The results will take the form of the tractive effort to speed function shown in the basic physics post. The maximum velocities at any tractive effort will correspond to the maximum voltage to be tested. Per the NMRA edict, this will be 16 volts. The following figure depicts this curve and other potentially possible lines of lower voltage.
At the maximum tractive effort, the velocity will be at or near zero. This maximum tractive force should be an output of the activity.
This point may not actually be attainable with a particular locomotive. Depending on the engine weight, drive wheel diameter and wheel roughness, the adhesion line may dominate the maximum Tractive Effort. The shape of this adhesion line is also a desired output of the activity.

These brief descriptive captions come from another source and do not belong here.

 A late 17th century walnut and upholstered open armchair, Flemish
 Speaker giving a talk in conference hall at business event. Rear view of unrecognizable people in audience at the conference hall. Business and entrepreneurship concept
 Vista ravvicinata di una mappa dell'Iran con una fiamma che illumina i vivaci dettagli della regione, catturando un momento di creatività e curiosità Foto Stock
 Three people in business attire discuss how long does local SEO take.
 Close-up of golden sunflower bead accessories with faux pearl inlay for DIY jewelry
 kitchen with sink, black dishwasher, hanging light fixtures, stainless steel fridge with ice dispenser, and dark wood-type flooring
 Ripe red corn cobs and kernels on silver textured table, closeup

Below the maximum attainable Tractive Effort the velocity will increase as the Tractive Effort decreases. The maximum velocity will be for the loco only configuration.
This loco only maximum velocity will be an output of this activity.

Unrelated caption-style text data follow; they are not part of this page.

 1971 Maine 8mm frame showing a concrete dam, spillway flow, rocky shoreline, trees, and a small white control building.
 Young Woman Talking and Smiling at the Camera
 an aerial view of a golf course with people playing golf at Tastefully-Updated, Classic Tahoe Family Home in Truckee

The shape of this constant voltage TE to velocity characteristic is one of unknowns for each engine. This shape is dependent on the motor electric power to horsepower transfer, the gear ratio and a few other factors. Each of these will be different from loco to loco depending on the design of each element. With proper care in the testing, this shape will be and output of the activity.

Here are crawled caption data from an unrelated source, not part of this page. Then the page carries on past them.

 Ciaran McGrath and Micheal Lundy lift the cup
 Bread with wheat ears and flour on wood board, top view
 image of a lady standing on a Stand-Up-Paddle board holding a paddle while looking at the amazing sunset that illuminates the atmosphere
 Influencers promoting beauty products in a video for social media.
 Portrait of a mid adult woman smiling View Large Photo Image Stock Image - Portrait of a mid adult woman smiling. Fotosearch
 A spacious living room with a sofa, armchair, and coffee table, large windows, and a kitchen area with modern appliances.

As discussed earlier, this loco only curve will follow a resistance curve as the power is reduced until it intersects the zero velocity axis. For real systems this operation near zero is possible. It takes some effort to just get the system rolling.
This loco only (no load) initial tractive force will be a desired output of the activity.
This initial tractive effort has to be associated with a minimum electric power to the motor. For model locomotives, because the gear boxes are simple and there is no variability in the gear ratio through a “transmission” Then this initial tractive effort will also be associated with the minimum power to rotate the motor. This will occur at an electric voltage somewhat greater than zero.
This loco only minimum voltage will be an output of the activity.
There will be a finite velocity associated with this loco only minimum motor rotation voltage (power).
This loco only velocity at the minimum motor rotation will be an output of this activity.
The higher order terms will be ignored in these controlled tests. To define this curve for each of the possible loads to be tested, the zero velocity Tractive Effort will be required.
This loco zero velocity tractive force for a given load will be an output of the activity.